• [What to work on]:
Single out the lines of the material that contain "Plastic" and copy them.

• [Raw data]:
╭──
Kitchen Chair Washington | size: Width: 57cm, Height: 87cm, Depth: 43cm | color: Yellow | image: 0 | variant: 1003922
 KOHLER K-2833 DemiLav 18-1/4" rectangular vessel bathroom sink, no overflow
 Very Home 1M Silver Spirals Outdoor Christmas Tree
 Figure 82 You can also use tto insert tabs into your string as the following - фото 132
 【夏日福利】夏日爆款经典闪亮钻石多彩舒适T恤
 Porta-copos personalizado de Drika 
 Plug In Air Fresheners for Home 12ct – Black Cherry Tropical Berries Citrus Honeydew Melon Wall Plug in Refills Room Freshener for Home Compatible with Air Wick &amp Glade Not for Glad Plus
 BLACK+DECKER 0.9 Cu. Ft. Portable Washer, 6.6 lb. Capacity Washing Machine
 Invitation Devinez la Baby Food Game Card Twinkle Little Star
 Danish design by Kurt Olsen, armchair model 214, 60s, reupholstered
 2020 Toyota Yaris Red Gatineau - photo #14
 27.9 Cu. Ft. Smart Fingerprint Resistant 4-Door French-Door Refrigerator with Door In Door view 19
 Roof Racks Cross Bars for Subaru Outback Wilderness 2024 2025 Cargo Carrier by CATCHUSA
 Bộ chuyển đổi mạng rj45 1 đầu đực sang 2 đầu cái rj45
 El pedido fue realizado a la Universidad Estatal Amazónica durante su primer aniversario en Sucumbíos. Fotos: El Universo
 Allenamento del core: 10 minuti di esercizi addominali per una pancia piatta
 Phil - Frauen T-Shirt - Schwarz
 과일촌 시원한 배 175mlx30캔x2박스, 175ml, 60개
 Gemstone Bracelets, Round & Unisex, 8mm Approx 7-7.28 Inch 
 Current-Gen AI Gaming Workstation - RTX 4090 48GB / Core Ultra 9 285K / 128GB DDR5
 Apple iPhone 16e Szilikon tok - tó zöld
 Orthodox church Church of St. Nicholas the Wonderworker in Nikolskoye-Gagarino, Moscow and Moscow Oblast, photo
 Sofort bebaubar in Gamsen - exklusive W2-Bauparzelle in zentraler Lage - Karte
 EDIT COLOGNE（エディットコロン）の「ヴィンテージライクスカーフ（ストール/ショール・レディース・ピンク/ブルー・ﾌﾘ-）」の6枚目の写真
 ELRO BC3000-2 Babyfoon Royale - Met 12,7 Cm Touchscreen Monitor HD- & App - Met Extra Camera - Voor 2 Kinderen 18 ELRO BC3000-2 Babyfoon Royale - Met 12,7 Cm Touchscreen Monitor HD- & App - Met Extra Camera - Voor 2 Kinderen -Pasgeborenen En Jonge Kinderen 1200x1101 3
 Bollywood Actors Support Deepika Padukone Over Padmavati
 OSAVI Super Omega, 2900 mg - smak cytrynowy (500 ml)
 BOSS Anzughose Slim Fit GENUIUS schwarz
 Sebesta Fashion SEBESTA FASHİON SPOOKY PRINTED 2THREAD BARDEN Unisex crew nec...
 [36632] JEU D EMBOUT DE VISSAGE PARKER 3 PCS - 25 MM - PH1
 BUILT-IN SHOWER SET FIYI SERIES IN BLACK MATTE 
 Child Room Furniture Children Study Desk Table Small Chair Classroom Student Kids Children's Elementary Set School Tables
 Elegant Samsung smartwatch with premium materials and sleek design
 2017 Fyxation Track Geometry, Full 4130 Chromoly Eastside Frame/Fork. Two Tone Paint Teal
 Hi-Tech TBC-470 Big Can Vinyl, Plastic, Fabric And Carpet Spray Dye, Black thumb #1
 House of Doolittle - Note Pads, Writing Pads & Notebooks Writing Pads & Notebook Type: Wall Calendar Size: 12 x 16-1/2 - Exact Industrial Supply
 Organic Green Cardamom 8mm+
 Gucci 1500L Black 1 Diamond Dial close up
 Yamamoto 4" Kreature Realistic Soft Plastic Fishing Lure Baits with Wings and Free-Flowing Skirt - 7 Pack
╰──
• [Answer box]:
 Hi-Tech TBC-470 Big Can Vinyl, Plastic, Fabric And Carpet Spray Dye, Black thumb #1
 Yamamoto 4" Kreature Realistic Soft Plastic Fishing Lure Baits with Wings and Free-Flowing Skirt - 7 Pack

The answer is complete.